Over a longer period Porters will include a 3400-bed alpine village with a hotel and individual chalets, new skilifts and tows, and a hot pools complex.
Summer hiking and biking activities would also be available.
Commissioners appointed by Environment Canterbury and the Selwyn District Council to consider the plan change and resource consent applications released their decision yesterday.
The resource consents decision is subject to a 15-working-day appeal period and the plan change is subject to a 40-working-day appeal period.
Christchurch-based Green Party list MP Eugenie Sage, who made a submission against the development, said it was a disappointing decision.
Nevertheless, the commissioners had done a thorough job and had made some changes that would alleviate the environmental impact on the area.

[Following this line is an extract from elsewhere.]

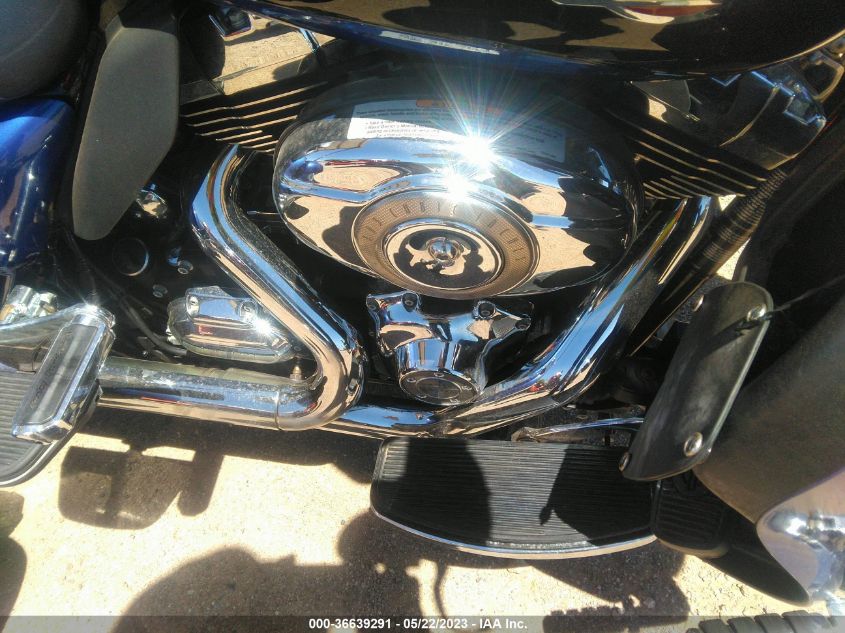 2012 HARLEY-DAVIDSON FLHTCUTG TRI GLIDE ULTRA CLASSIC 1HD1MAM11CB850258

"For example, they have put some controls on night-time lighting, they've got controls on aircraft activity – limiting the number of helicopter trips," Sage said.

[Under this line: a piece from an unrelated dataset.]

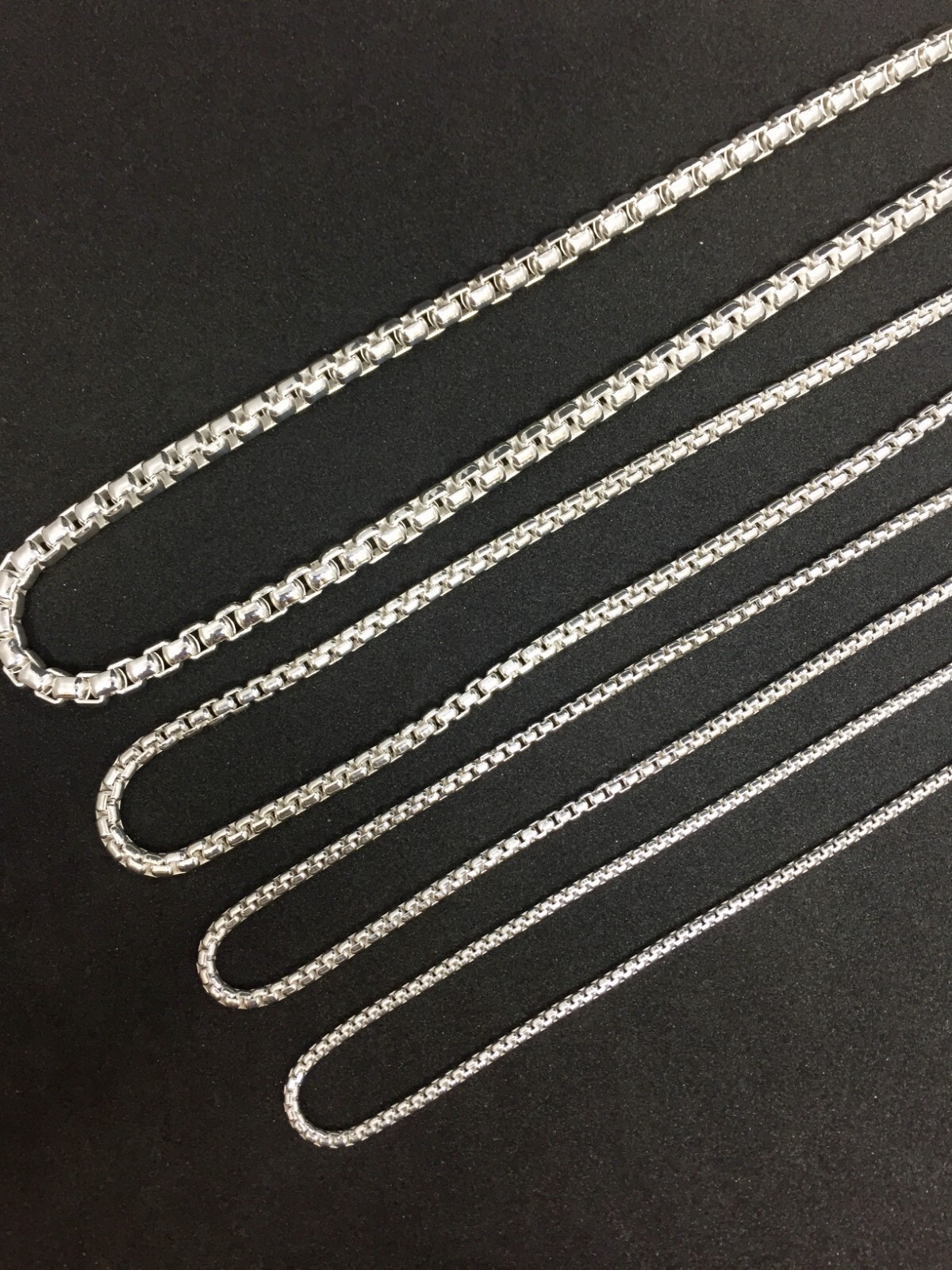 925 Sterling Silver Round box chains Men’s women’s Necklace 2.5mm-5mm 16″- 30″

She did not plan to appeal the decision, which would be a costly process.
The project is being developed by Harvey (a Sydneysider) and four Russian investors – Yuri Koropachinskiy, of Moscow, and Oleg Kirillov, Yury Zelvenskiy and Vladimir Uchitll, all of Siberia.
The Overseas Investment Office-approved investors, who have visited the area and already poured in $10m, say it will bring thousands of tourists to the mountain and Canterbury, and hundreds of jobs to the region.
The Selwyn council private plan change (known as PC25) will rezone 616 hectares of rural high country, including Crystal Valley, into a special "sub zone" that allows skiing and development.
The zone sets aside 21ha for a mountain village, 34ha for wastewater and treatment disposal and the rest for skiing.
The commissioners – Sharon McGarry, Denis Nugent and Greg Ryder – said that by incorporating amendments to PC25 they were satisfied potential adverse environmental effects would be adequately avoided, remedied or mitigated.
Harvey said that after five years of "hard slog" and hurdles, the decision meant proper work is likely to be able to start after this year's ski season.
In terms of the longer term $500m "demand-driven" development, an extra capital raising via potential private equity partners would be explored.
Porters director of development Michael Sleigh said the commissioners had asked for some amendments to the plan change but these mainly involved the company providing more information on the new Crystal Valley ski trails, and how the company would mitigate any environmental impact from these.
"At full capacity it could cope with 300,000 skiers over a season, which would be like Coronet Peak," Sleigh said.
Economist Geoff Butcher said that by the time the field was fully developed, the wider economic benefit to the region would be $92m a year with 730 fulltime equivalent jobs created.
In the peak winter period the Porters field employed about 50 staff but with the development of the village and Crystal Valley that seasonal number would jump to 500 by 2015, he said.